So if scientists find oxygen in an exoplanet's atmosphere, it strongly indicates that life might be at work. Simple life may be bubbling away in the planet's oceans, taking in sunlight and spewing out oxygen.
But new research has identified a source of oxygen that doesn't rely on life.
The research article is "Abiotic molecular oxygen production—Ionic pathway from sulfur dioxide," published in Science Advances. The lead author is Måns Wallner, a doctoral student in physics at the University of Gothenburg in Sweden.

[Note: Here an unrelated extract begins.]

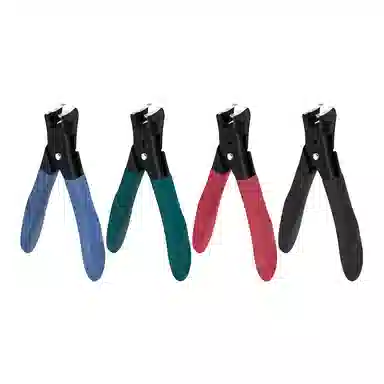 馨枕居 防飞溅大开口指甲钳 厚硬甲专用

The researchers have found an abiotic source of oxygen that stems from sulphur dioxide. Sulphur is not rare in celestial bodies, and since volcanoes produce sulphur and pump it into the atmosphere, terrestrial volcanic exoplanets may have oxygen in their atmospheres. And life needn't be involved.
Instead, high-energy radiation from a star can ionize the sulphur dioxide molecule. Sulphur dioxide's formula is SO2, and when it gets ionized, the molecule rearranges itself. It becomes a "double positively-charged system." Then it has a linear form with both oxygen atoms adjacent to one another and the sulphur at the other end. This is called roaming, as the oxygen atoms are free to drift around in chaotic orbits until settling into new compounds.
"Upon double ionization, two of the bound electrons in the molecule get ejected and can lead to changes in the angle between the atoms in the molecule," lead author Wallner said in a press release.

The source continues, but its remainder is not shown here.